The term known as (DSP) or Digital signal processing is concerned with the representation of signals by a sequence of numbers or symbols and the processing of these signals.  Analog signal and Digital signal processing are subfields of signal processing. DSP consists of subfields like: audio and speech signal processing, sonar and radar signal processing, sensor array processing, spectral estimation, statistical signal processing, digital image processing, signal processing for communications, control of systems, biomedical signal processing, seismic data processing, etc.

The ultimate aim of DSP is to measure, filter and/or compress continuous real-world analog signals.

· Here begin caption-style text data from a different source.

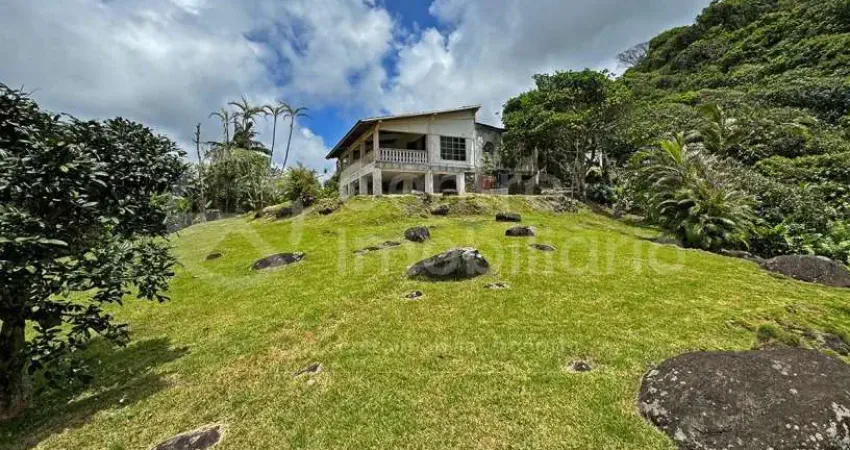 Casa à venda com 2 quartos em peruíbe, no bairro quinta do guarau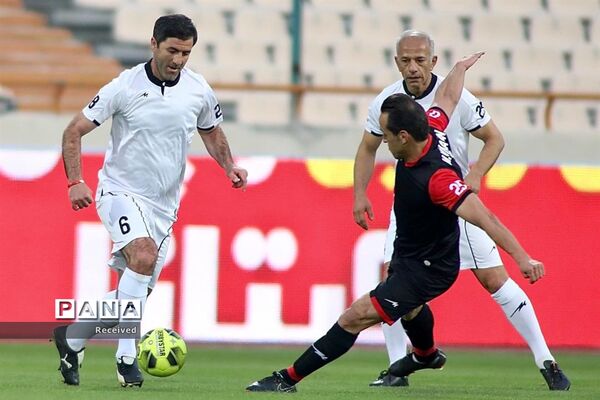 دیدار منتخب سرخابی‌ها و منتخب جام جهانی ۱۹۹۸ فرانسه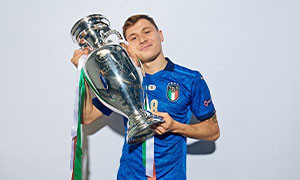 Pallone d'Oro 2021, cinque azzurri tra i candidati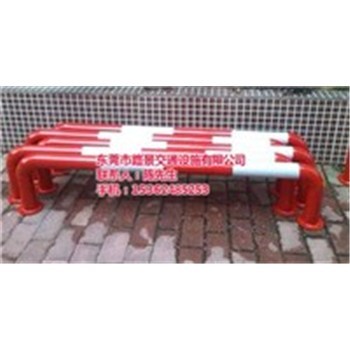 道路隔離公路護(hù)欄的作用與類型解析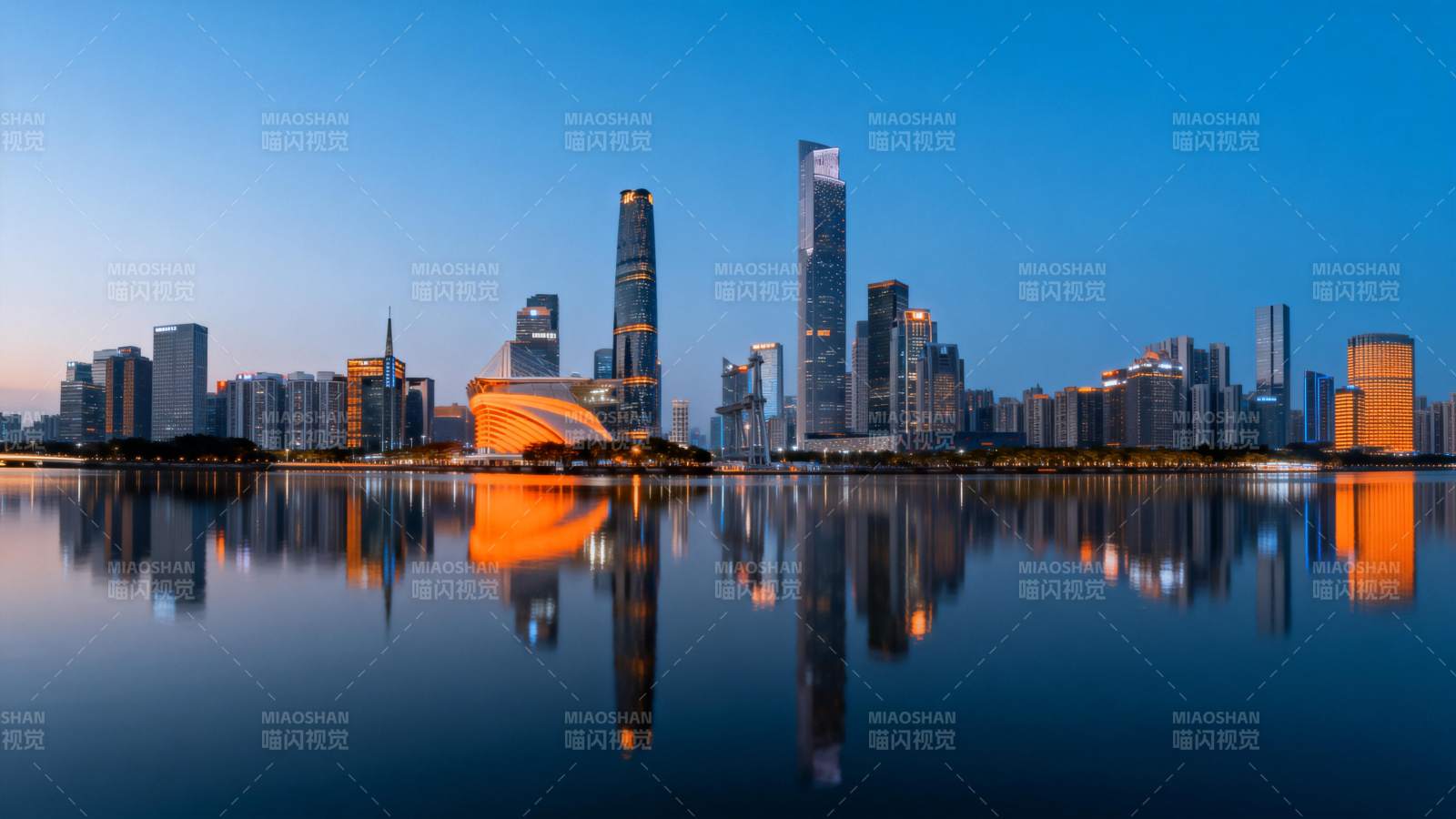 城市夜景倒影图片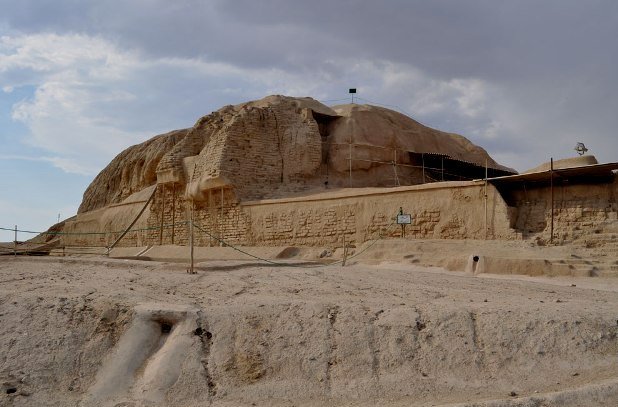 گمانه زنی محوطه باستانی سیلک کاشان شروع شد سیلک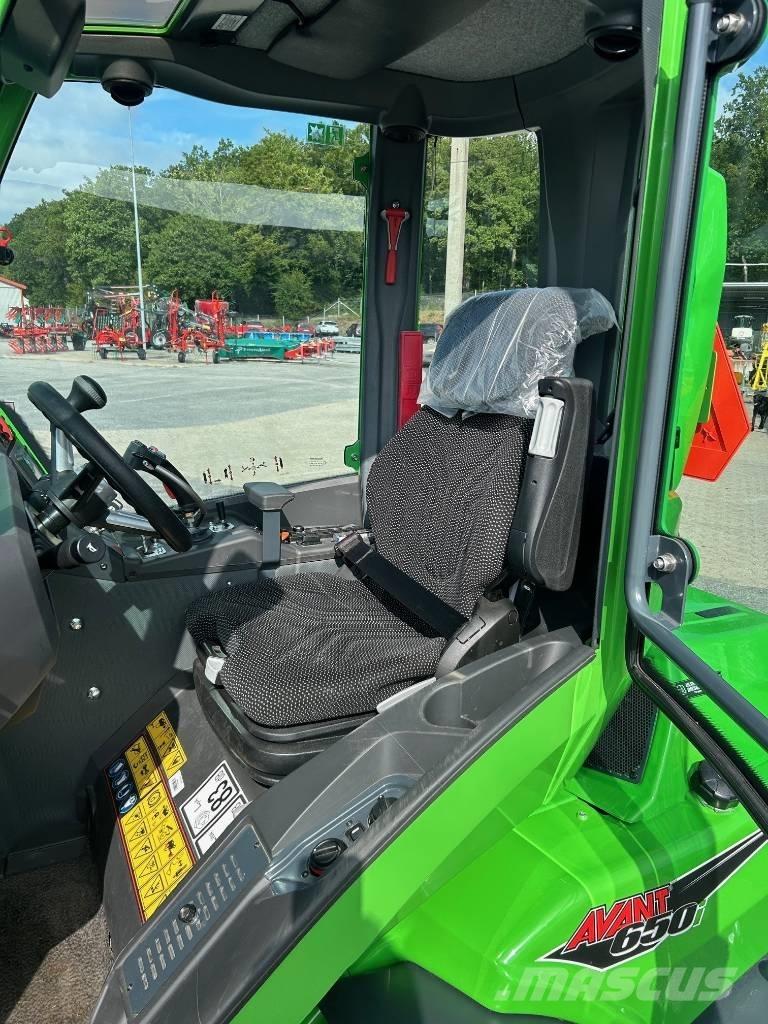 Avant 650 i スキッドステアローダー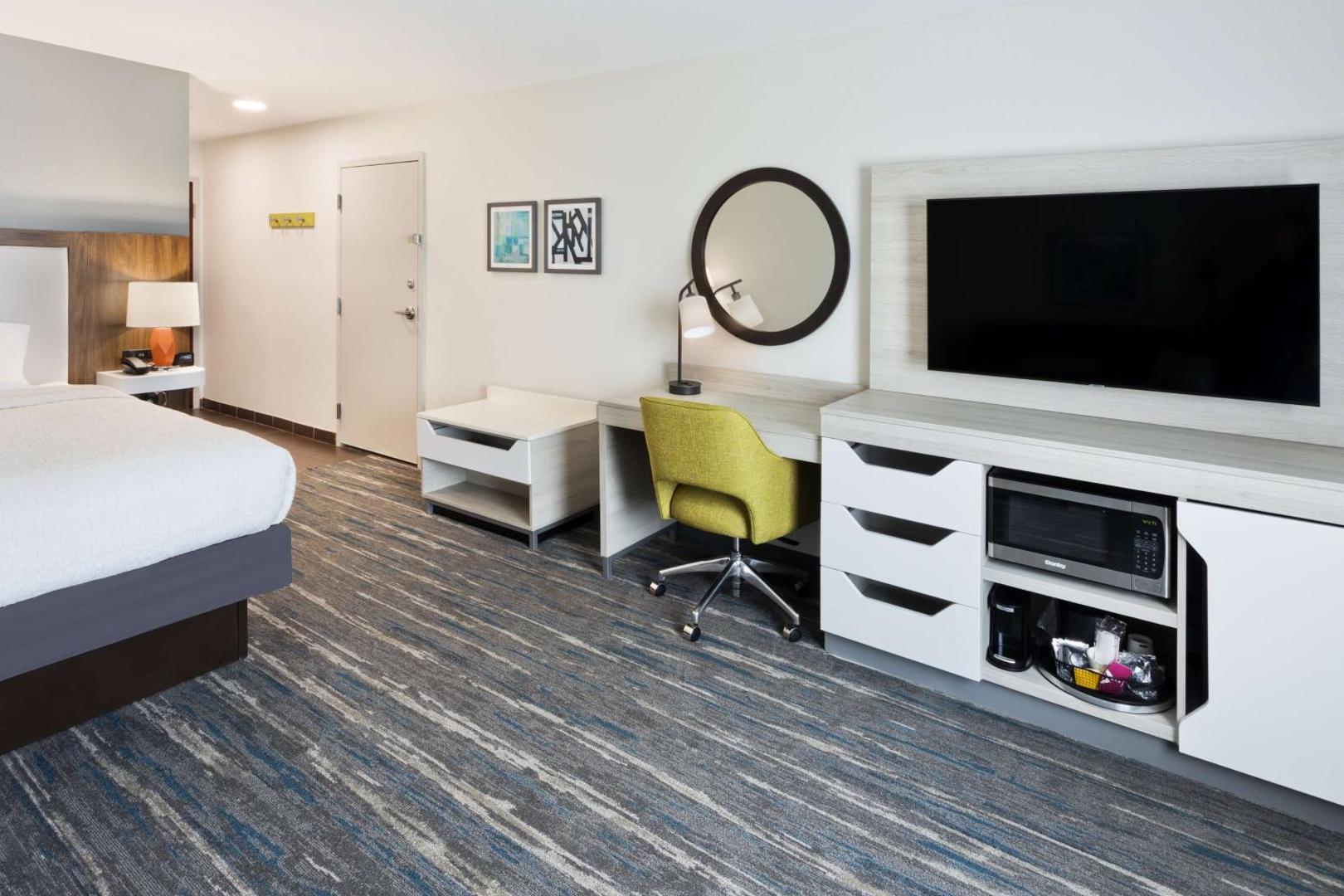 Hampton Inn & Suites Phenix City- Columbus Area Hampton Inn & Suites Phenix City- Columbus Area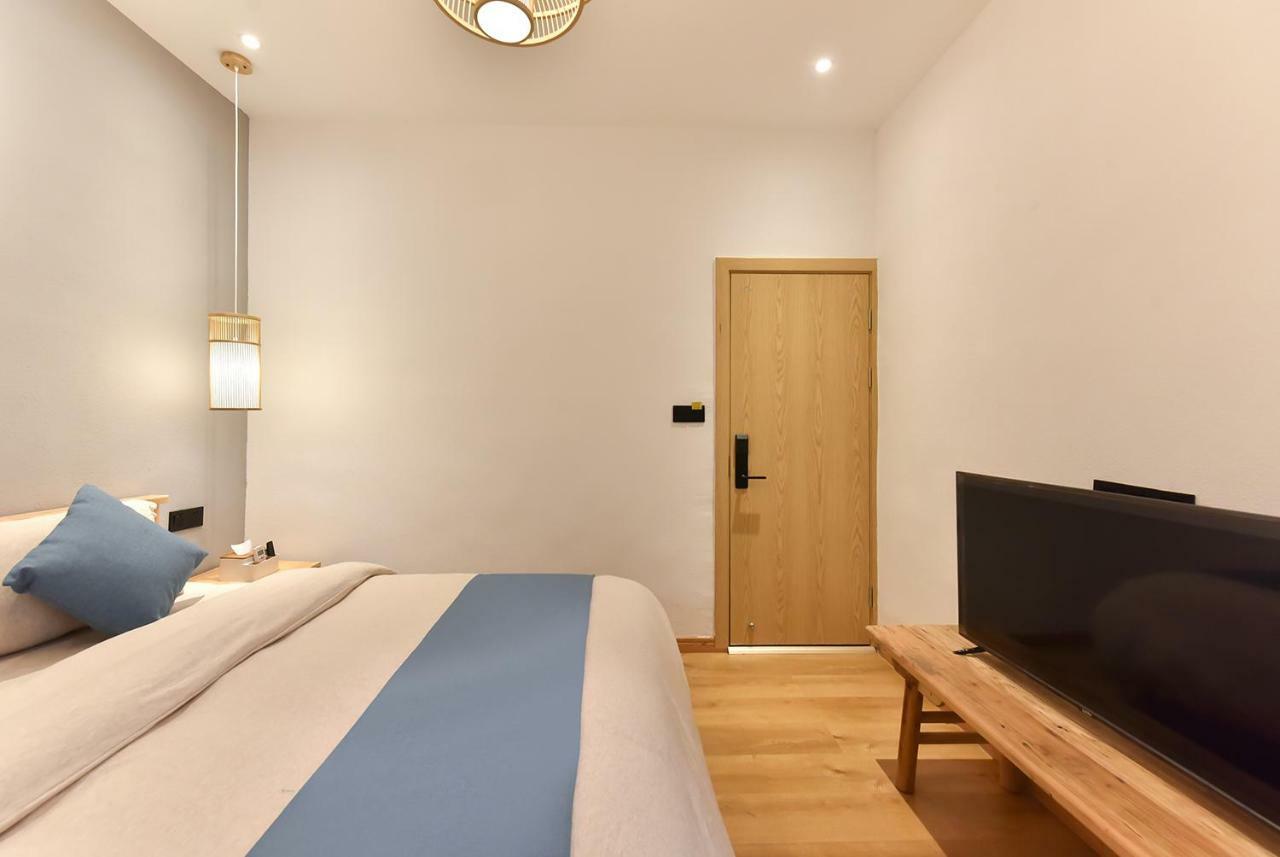 Yifangyan - Tingyuan Qingshe Hostel Фэнхуан Экстерьер фото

The first process is to convert the signal from an analog to a digital form, by sampling it using an analog-to-digital converter (ADC), which turns the analog signal into a stream of numbers. The required output signal is another analog output signal requires a digital-to-analog converter (DAC).  The Digital signal processing process is more complex than analog processing and has a discrete value range, the application of computational power to digital signal processing allows for many advantages over analog processing in many applications, such as error detection and correction in transmission as well as data compression.

Digital Signal Processing Domains:

In digital signal processing, the engineers usually study digital signals in one of the following domains: time domain (one-dimensional signals), spatial domain (multidimensional signals), frequency domain, autocorrelation domain, and wavelet domains. They choose such domain in which to process a signal by making an informed guess (or by trying different possibilities) as to which domain best represents the essential characteristics of the signal. A sequence that of many samples from a measuring device produces a time or spatial domain representation, whereas a discrete Fourier transform produces the frequency domain information, which is the frequency spectrum. Autocorrelation is known as the cross correlation of the signal with itself over varying intervals of time or space.